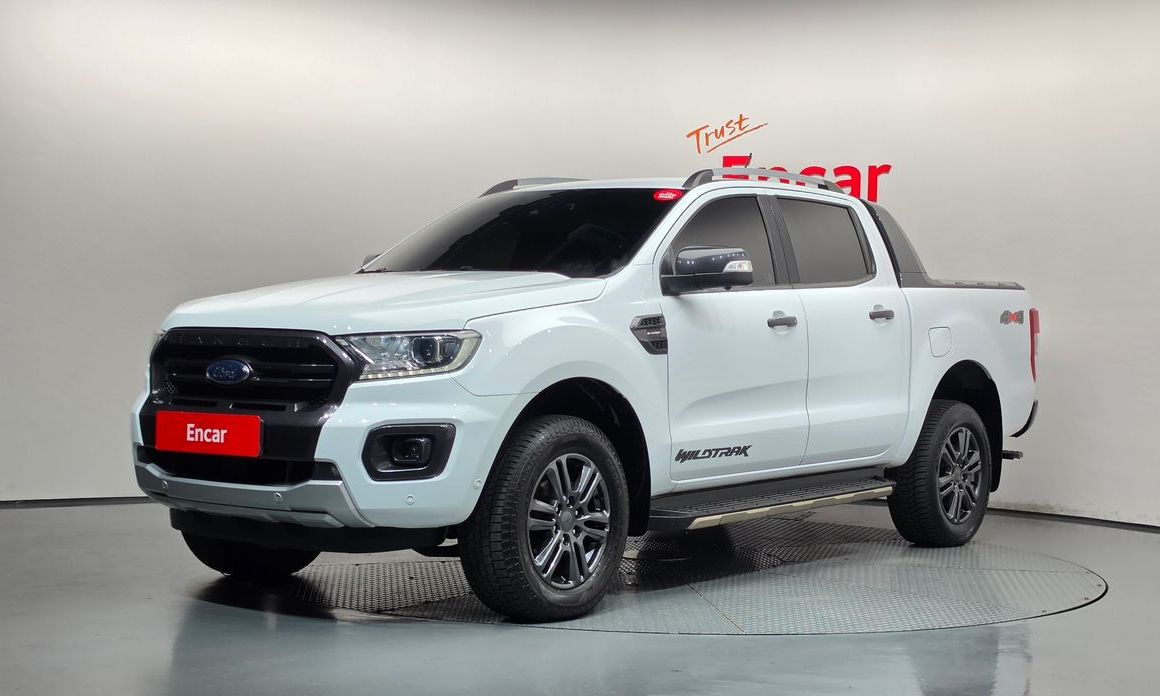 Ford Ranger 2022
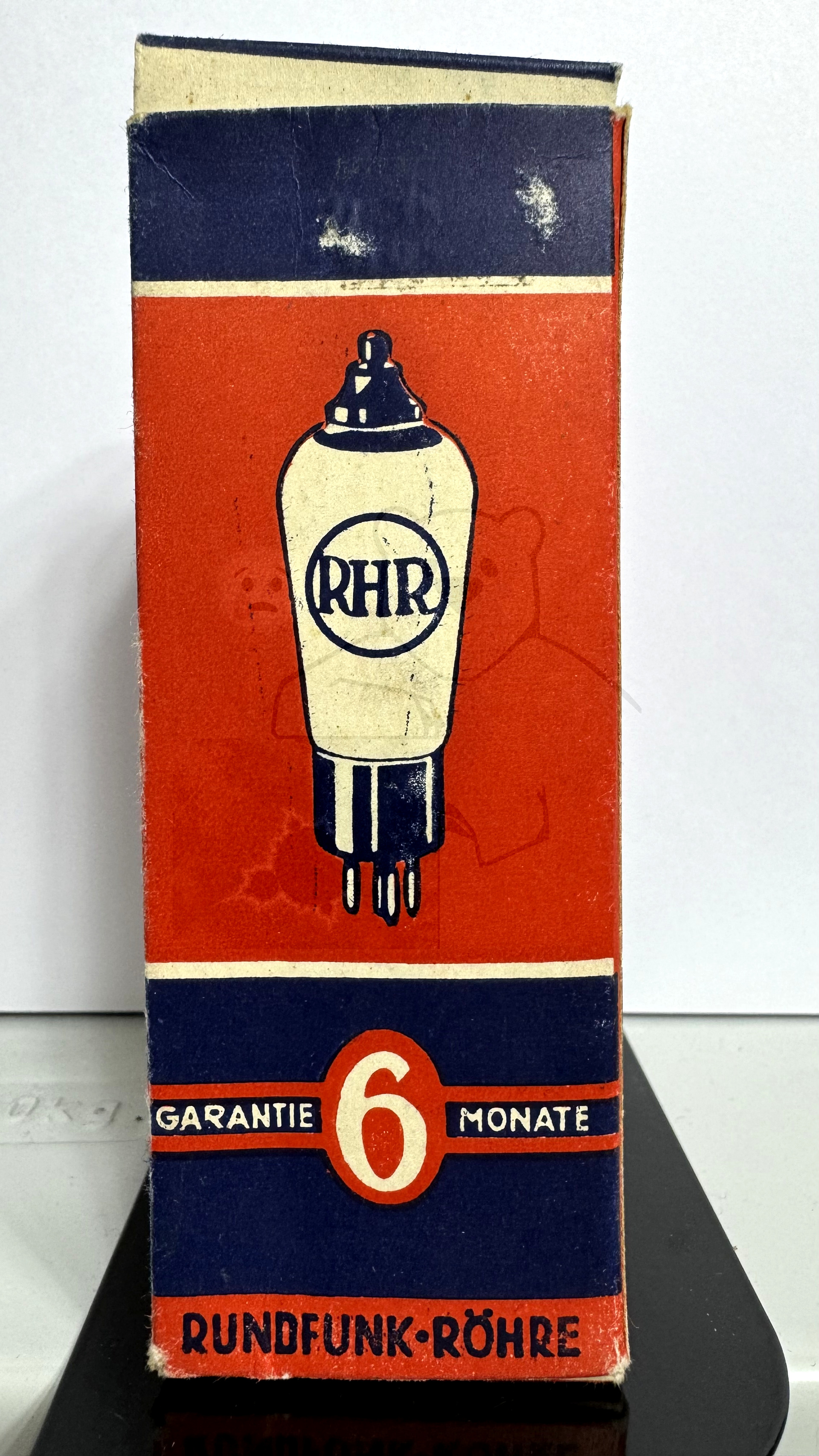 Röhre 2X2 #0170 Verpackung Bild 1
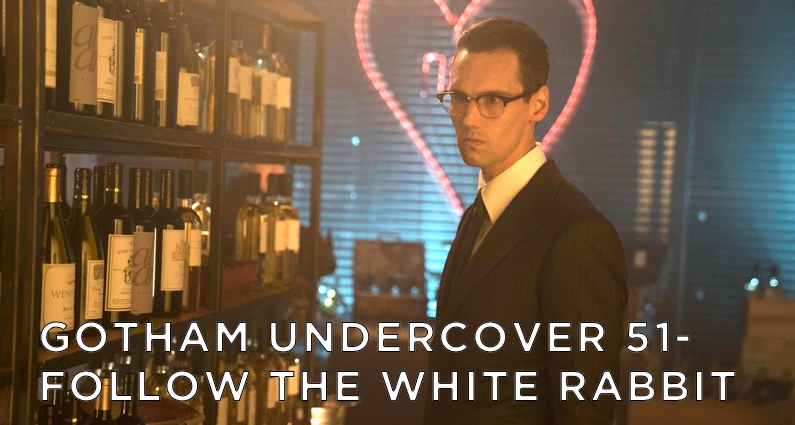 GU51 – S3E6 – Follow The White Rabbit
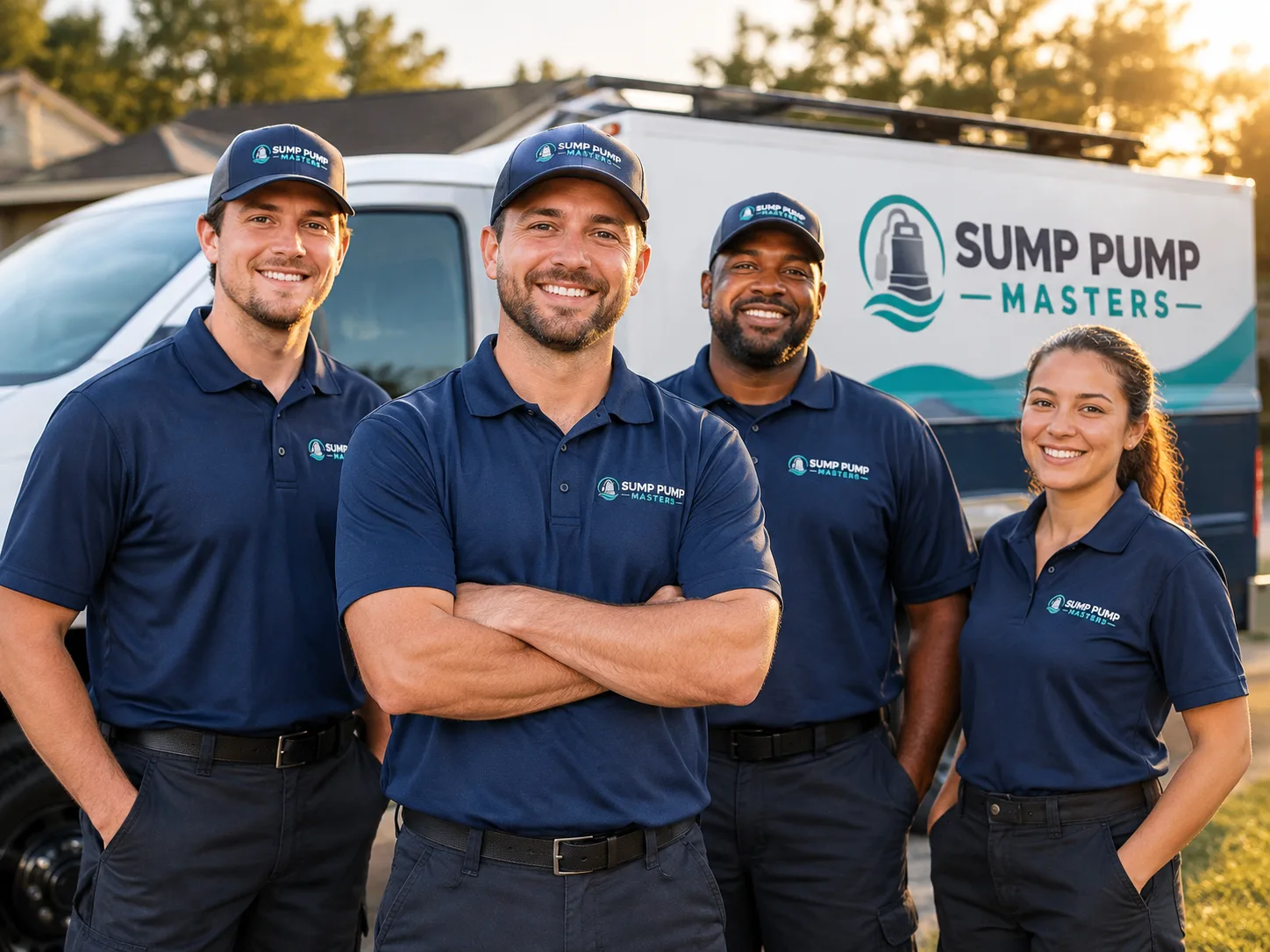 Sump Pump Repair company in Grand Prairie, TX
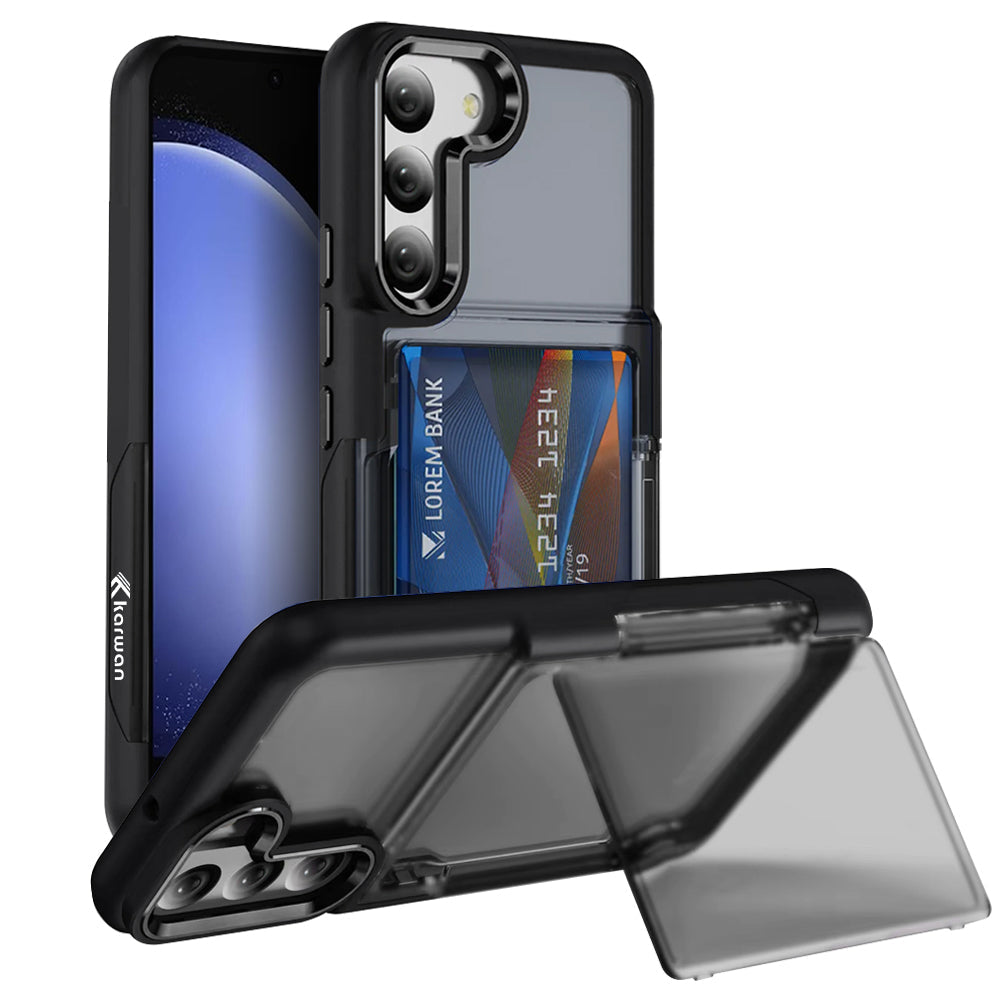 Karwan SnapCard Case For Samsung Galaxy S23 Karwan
========================================================================
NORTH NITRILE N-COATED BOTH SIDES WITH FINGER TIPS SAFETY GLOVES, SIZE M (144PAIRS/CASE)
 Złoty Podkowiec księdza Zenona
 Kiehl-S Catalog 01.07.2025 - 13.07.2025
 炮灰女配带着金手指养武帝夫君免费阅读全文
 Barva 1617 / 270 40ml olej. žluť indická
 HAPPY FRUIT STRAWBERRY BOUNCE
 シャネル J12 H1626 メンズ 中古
========================================================================
TASK ITEM: Return exactly the lines above from the line that has "Złoty Podkowiec księdza Zenona" through the line that has "シャネル J12 H1626 メンズ 中古", inclusive, and nothing else.

FINISHED TASK:
 Złoty Podkowiec księdza Zenona
 Kiehl-S Catalog 01.07.2025 - 13.07.2025
 炮灰女配带着金手指养武帝夫君免费阅读全文
 Barva 1617 / 270 40ml olej. žluť indická
 HAPPY FRUIT STRAWBERRY BOUNCE
 シャネル J12 H1626 メンズ 中古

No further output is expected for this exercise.